- Interactive map of San'yōdō Yamanoumaya ato
- 34°50′48″N 134°19′22″E﻿ / ﻿34.84667°N 134.32278°E
- Periods: Nara period
- Location: Kamigōri, Hyōgo, Japan
- Region: Kansai region

Site notes
- Public access: Yes

= San'yōdō Yamanoumaya site =

Nara period settlement trace in Kamigōri, Japan

The San'yōdō Yamanoumaya site (山陽道野磨駅家跡, San'yōdō Yamanoumaya ato) is an archaeological site with the ruins of a Nara to Heian period government facility located in the town of Kamigōri, Hyōgo Prefecture, in the Kansai region of Japan. The site was designated a National Historic Site in 2006.

==Overview==
During the Asuka and Nara period, a system of national highways (kaidō) was established as part of the Gokishichidō administrative reforms under the Ritsuryo system to facilitate local control by a centralized system. One of the most important of these official routes was the San'yōdō which connected the capital with the critically important administrative center of Dazaifu in northern Kyushu, passing through the provinces of Harima, Mimasaka, Bizen, Bitchū, Bingo, Aki, Suō and Nagato. Along the most important of these official routes, station houses (umaya) were established at regular intervals to provide food and accommodations, as well as pack horses and bearers for traveling officials. There were nominally established at 16 kilometer intervals, but in the case of the San'yōdō were at eight kilometer intervals. This reflected not only the volume of traffic on this route, but also was necessary as this was the route used by foreign emissaries traveling between Daizaifu and the capital. It is unknown if the layout of the umaya was standardized, as almost all of the ruins of these structures have been lost over time and due to urban development, and the San'yōdō Yamanoumaya site is an almost unique intact example.
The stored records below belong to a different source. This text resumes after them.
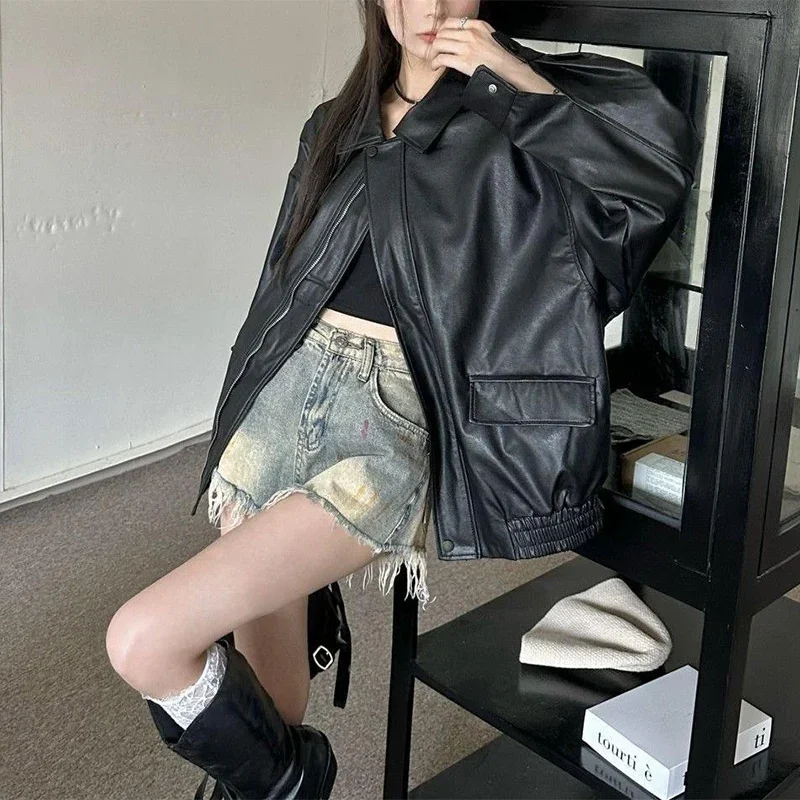 2025 New American Retro Faux Leather Jacket Women Autumn Y2K Long Sleeve Pu Jackets Woman Stylish Loose Zipper Moto Biker Coats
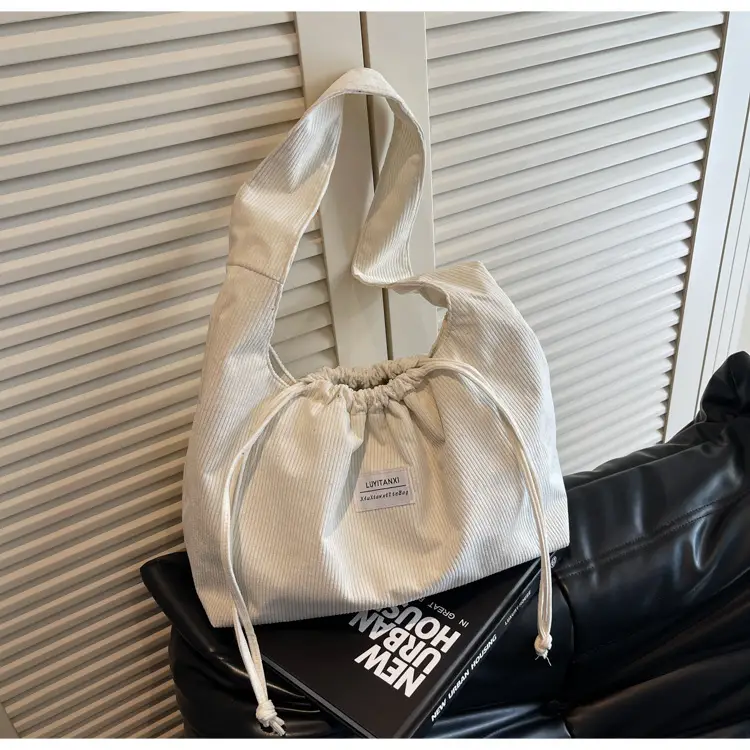 Women's Striped Velvet Strap Mouth Bag Large Capacity — feature 23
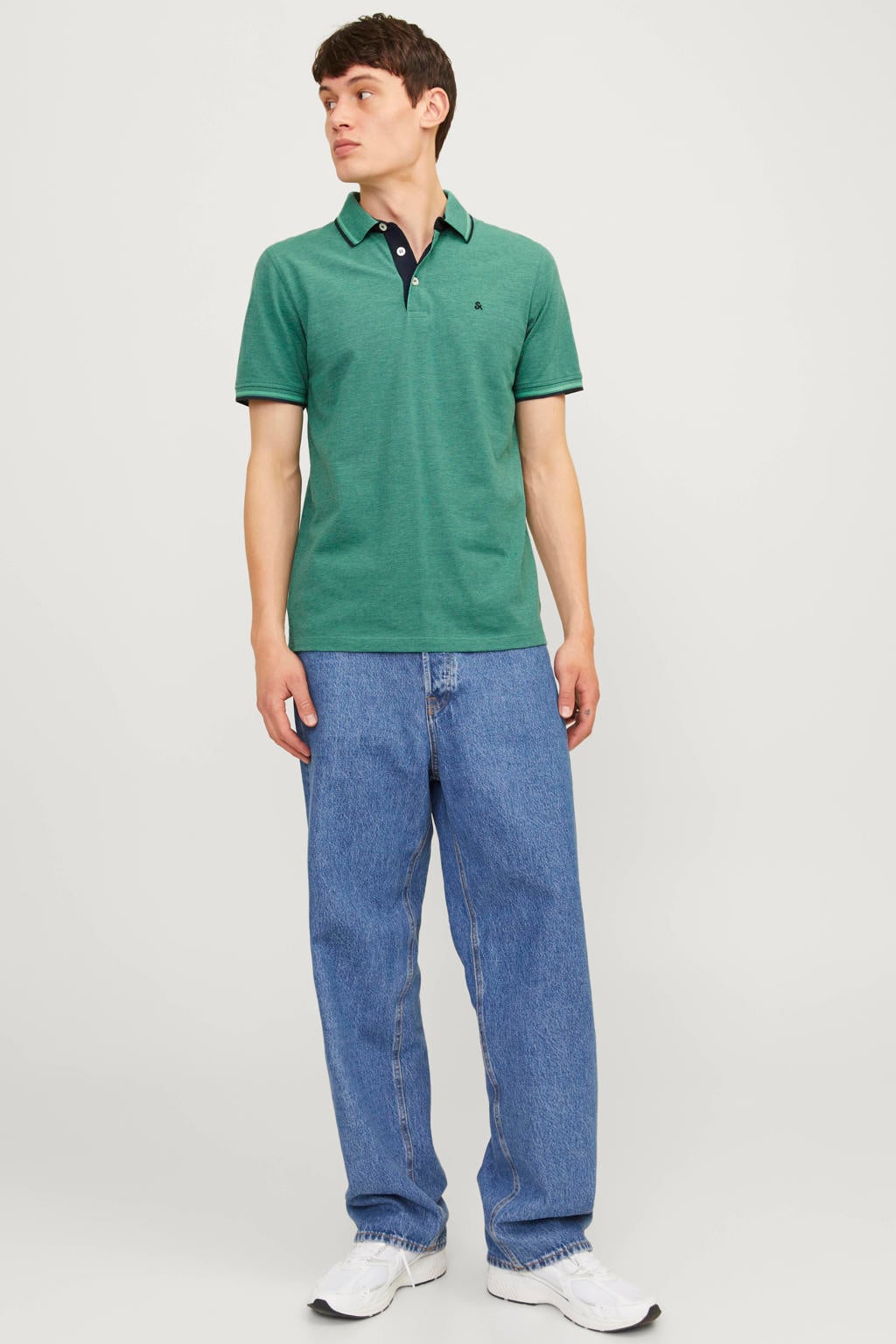 JACK & JONES ESSENTIALS slim fit polo JJEPAULOS donkergroen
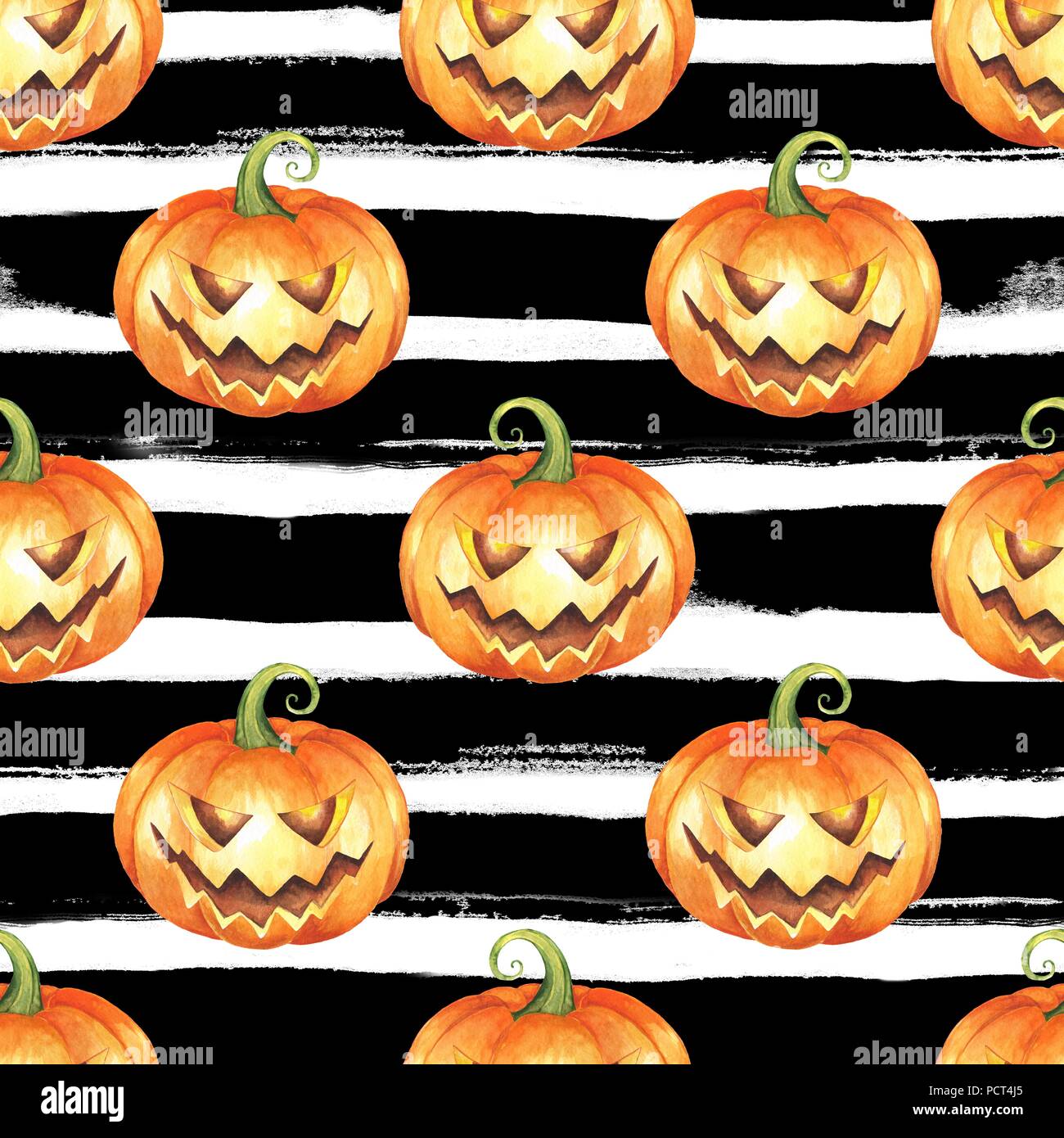 Halloween watercolor seamless pattern. Background with pumpkins Stock Photo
From archaeological excavations, it was determined that the buildings were of buried pillar foundations, red Pilars, whitewashed walls, and had roof tiles. The structures were arranged around a "U" shape courtyard which opened to the ten-meter wide highway. The facility was operated on a hereditary basis by the Noma clan for centuries. The San'yōdō Yamanoumaya site's also of importance in that the umaya and the Noma clan are mentioned in the Heian period Konjaku Monogatarishū and also in Sei Shōnagon The Pillow Book. It is also a location featured in the Hokke Genki, an 11th century Japanese collection of Buddhist tales and folklore.